Your instructions — Without including any images, repeat the listing below exactly.

Information shown —
★ ★ ★

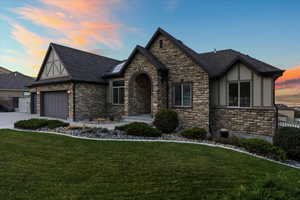 View of front of home with stucco siding, a shingled roof, concrete driveway, an attached garage, and a front lawn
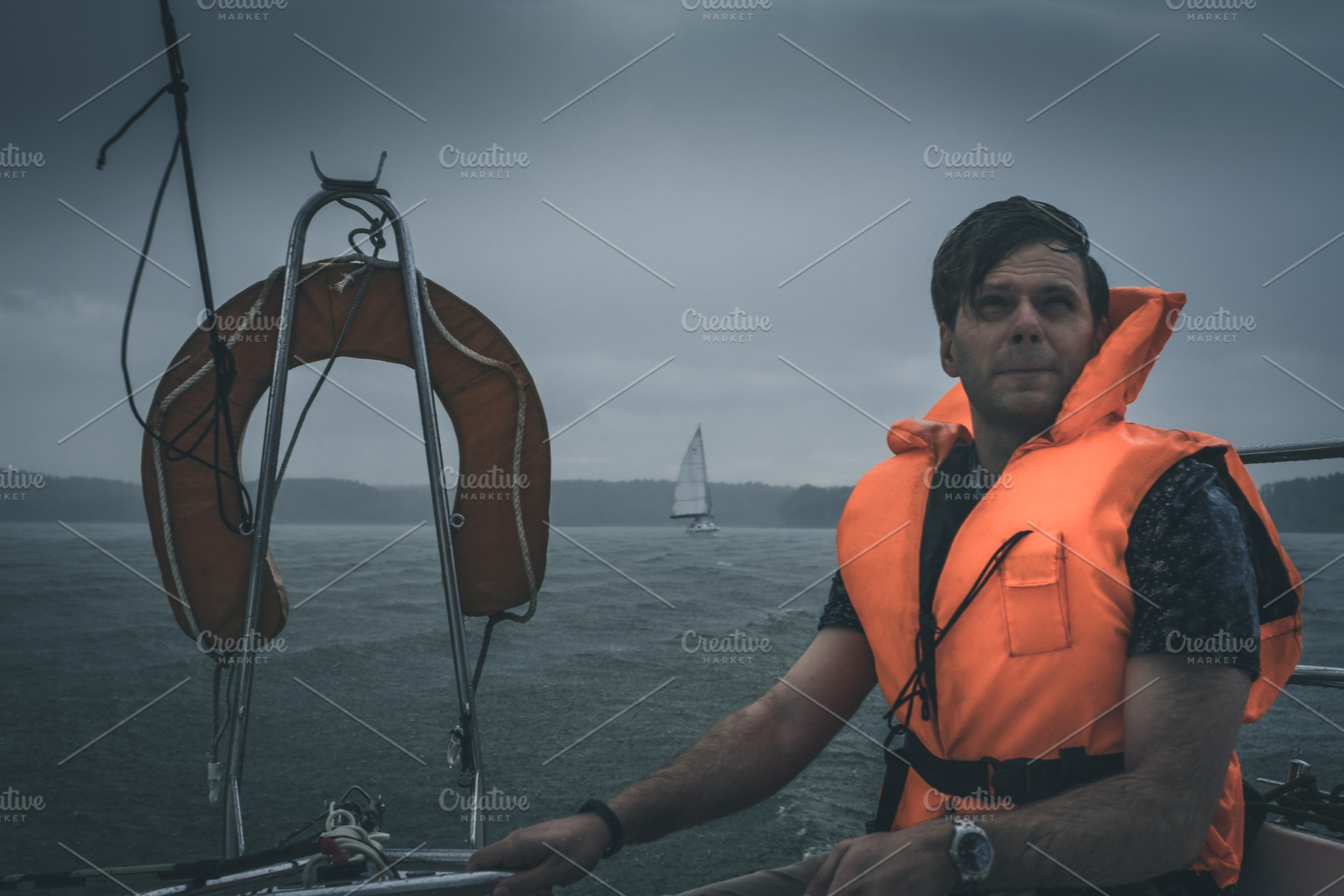 Male sailing under heavy rain, a Sports & Recreation Photo by supamotion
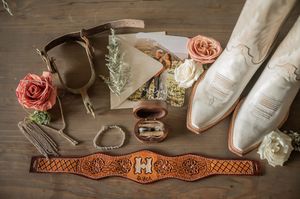 Wedding details including white shoes, rings, and delicate accessories on wooden surface.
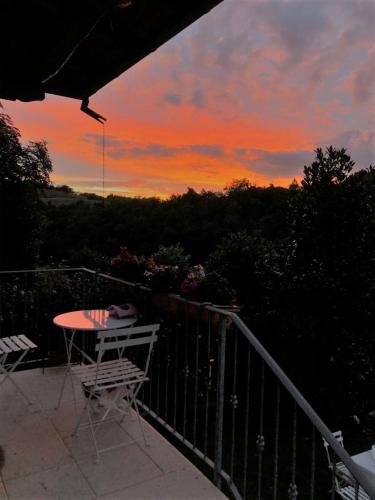 a table and chairs on a balcony with a sunset at PIGGIOLO in Rocca Malatina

★ ★ ★

Solved exercise —
 View of front of home with stucco siding, a shingled roof, concrete driveway, an attached garage, and a front lawn
 Male sailing under heavy rain, a Sports & Recreation Photo by supamotion
 Wedding details including white shoes, rings, and delicate accessories on wooden surface.
 a table and chairs on a balcony with a sunset at PIGGIOLO in Rocca Malatina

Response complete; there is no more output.